Mack wouldn’t take “no” for an answer. A few weeks later he wrote, “It gives us great pleasure to present to you, a honorary, life membership in Iowa’s First Amateur Movie Club, Waterloo Movie Makers,” and enclosed membership card #1. Lou’s secretary replied, perhaps too cheerfully, “Mrs. Hoover wishes me to thank you for your letter of July 19th and for the honor which you have done her in making her a life member of Iowa’s First Amateur Movie Club. I am sure when in Waterloo again, she will enjoy meeting with the movie makers and even in the direction of a scenario.”

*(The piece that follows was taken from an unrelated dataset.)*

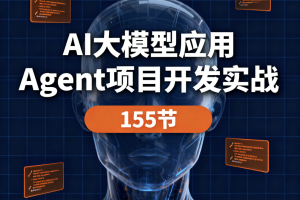 AI大模型应用 Agent项目开发实战 155节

Two more months passed and Mack wrote again, a long letter offering to drop a Victor camera off at the White House while he was in Washington for a photography convention, and asking Lou to collaborate on a “semi-historical film in connection with Mrs. Hoover, and her school girl days around Waterloo.” Lou’s secretary replied that Mrs. Hoover “has had so many requests for time to be spent on projects of many sorts in relation to pictures and manuscripts, that she finds it impossible to comply with any of them this year.”
Mack didn’t give up. Two years later, T. V. O’Connor, the Chairman of the United States Shipping Board, paid a visit to President Hoover’s West Wing offices, bringing a memo from one of his field agents, Frank Rusk, a Senior Examiner in the Bureau of Operations. Rusk had been assigned to staff an information booth promoting the Shipping Board at the Waterloo Cattle Congress, an annual event that was sort of a combination of county fair and national trade show for dairy producers.
According to Rusk, George Mack had approached him at the Cattle Congress, curious about the projector Rusk was using to show an informational film. Mack then pressured Rusk to take a movie camera back to Washington as a gift to Mrs. Hoover. Mack showed Rusk copies of the letters he had exchanged with Mrs. Hoover, along with photographs of Lou’s Waterloo Movie Makers card and the album that Mrs. Tibbitts had commissioned, to demonstrate his connection to Mrs. Hoover. “By this time,” wrote Rusk, “I was well enough acquainted with Mr. Mack to frankly question the propriety of the method of presentation he suggested, and explained to him the impossibility of my acting as his representative. He then suggested that possibly some member of the Board, preferably the Chairman, might desire to make the presentation.”
The President’s secretary passed the memo along to Mrs. Hoover’s secretary, and there is no documentation of further action. Lou may have responded with silence, hoping that Mack would give up, or she may have quietly sent word through an informal channel that Mack’s offer was not appreciated – she is reported to have used both tactics in other cases. In any event, George Mack may have finally taken the hint, because there is no evidence that he made any further attempt to contact Mrs. Hoover, or to send her a movie camera.